Extract data from MongoDB with Sqoop to write on HDFS?


I am concerning about extracting data from MongoDB where my application transact most of the data from MongoDB.

I have worked on sqoop to extract data and found RDBMS gel up with HDFS via sqoop. However, no clear direction found to extract data from NoSQL DB with sqoop to dump it over HDFS for big chunk of data processing? Please share your suggestions and investigations.

I have extracted static information and data transactions from MySQL. Simply, used sqoop to store data in HDFS and processed the data. Now, I have some live transactions of 1million unique emailIDs per day which data modelled into MongoDB. I need to move data from mongoDB to HDFS for processing/ETL. How can I achieve this goal using Sqoop. I know I can schedule my task but what should be the best approach to take out data from mongoDB via sqoop.

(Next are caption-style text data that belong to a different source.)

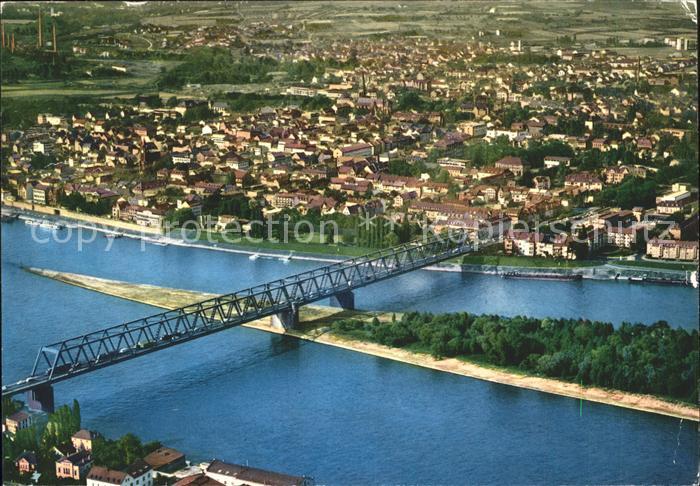Neuwied Rhein Fliegeraufnahme
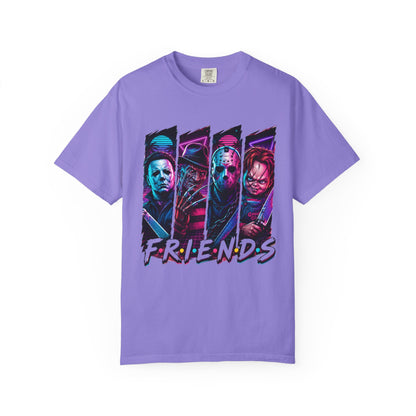 Horror Icons "Friends" Graphic T-Shirt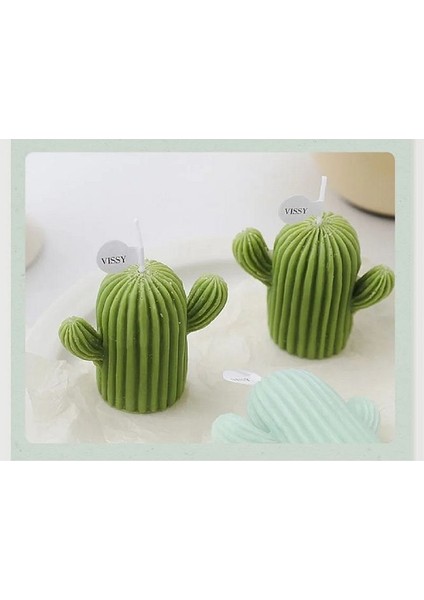 Kaktüs Sabun Kokulutaş Mum Kalıbı modelleri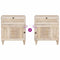 vidaXL Bedside Table with Door Beige 50 x 33 x 60 cm Solid mango wood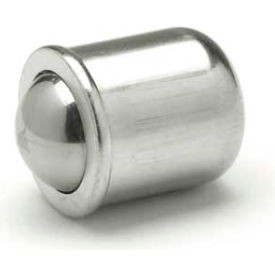 Short Press-Fit Delrin Ball Plunger - Stainless Steel .236"" Diameter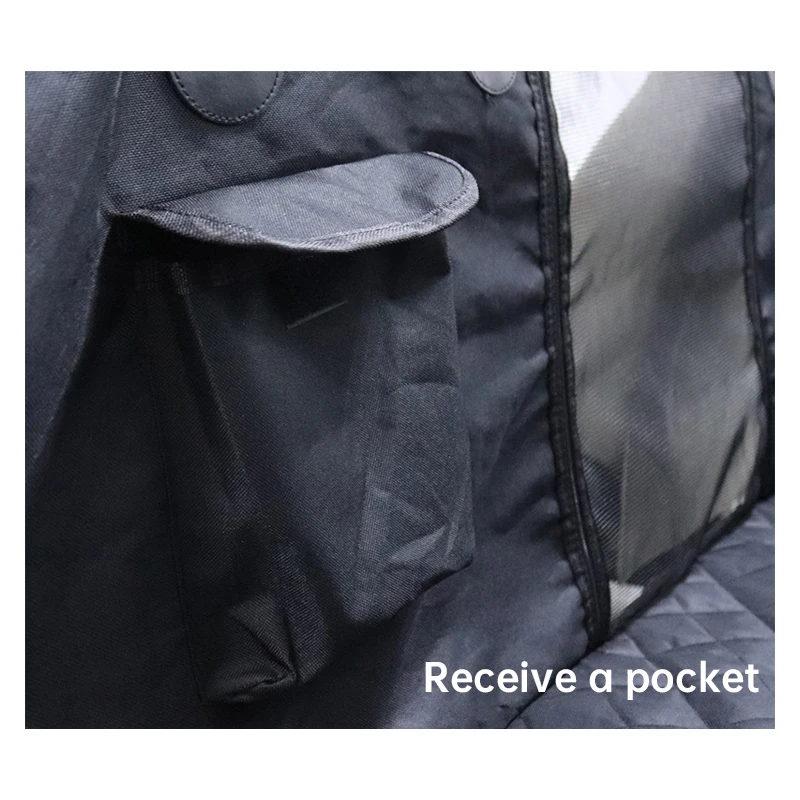 Dog Pet Travel Breathable Car Back Seat Cover Hammock for SUVs Trucks with Storage Pockets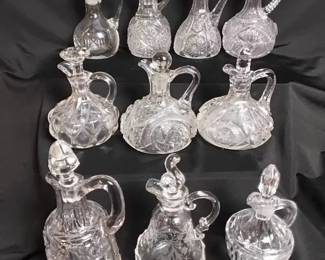 Cut Glass Small Cruets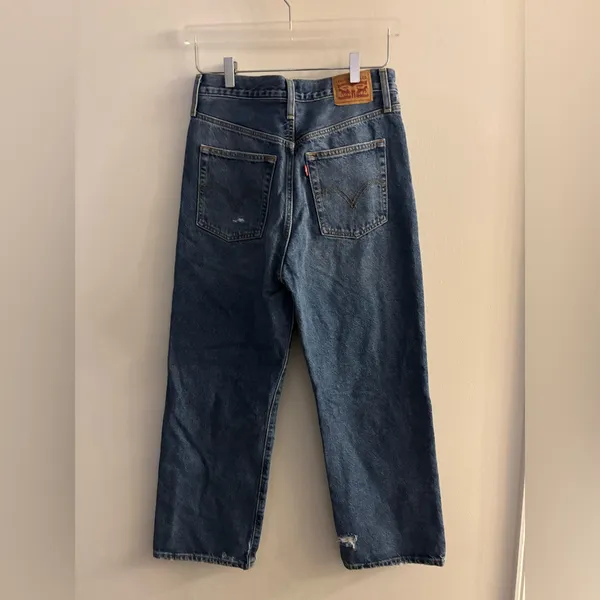 Levi's Distressed Ribcage Straight Ankle Jeans Size 29 - Image 2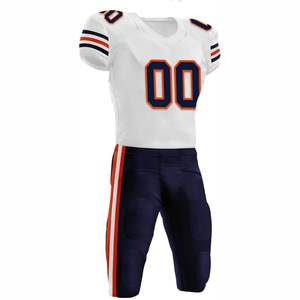 Maillot de football américain de haute qualité à manches courtes, impression de logo personnalisée, respirant, unisexe, grande taille, protection UV - Product Image 3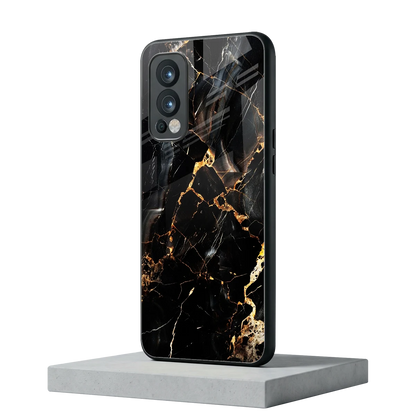Golden Obsidian oneplus nord 2 mobile cover | shockproof glass phone case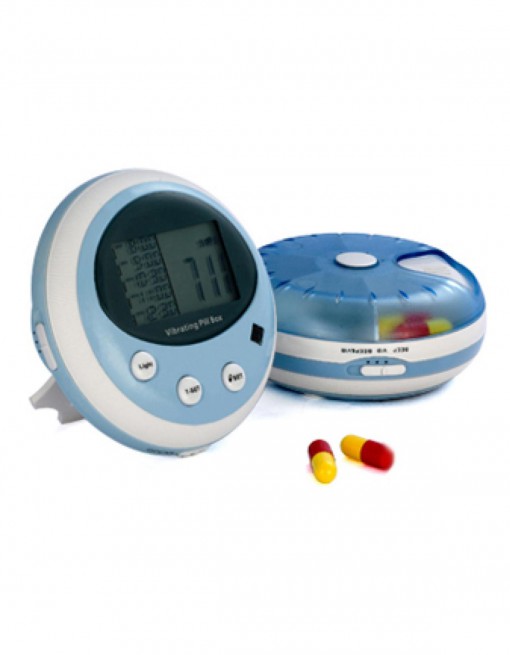 Vibe-5 - 5-Alarm Vibrating Pill Box in Medication Aids/Medication Cases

Consider 5DN cluster with 2TB size. Data size varies from 1GB ~ 2GB in peak hours.


Answers:


Sqoop is applied to import data only from relational databases. There are other ways to get data from mongo to Hadoop.

eg: https://docs.mongodb.com/ecosystem/tools/hadoop/

Or else you can use any data flow management tools like Nifi or Streamsets and get data from mongo in realtime.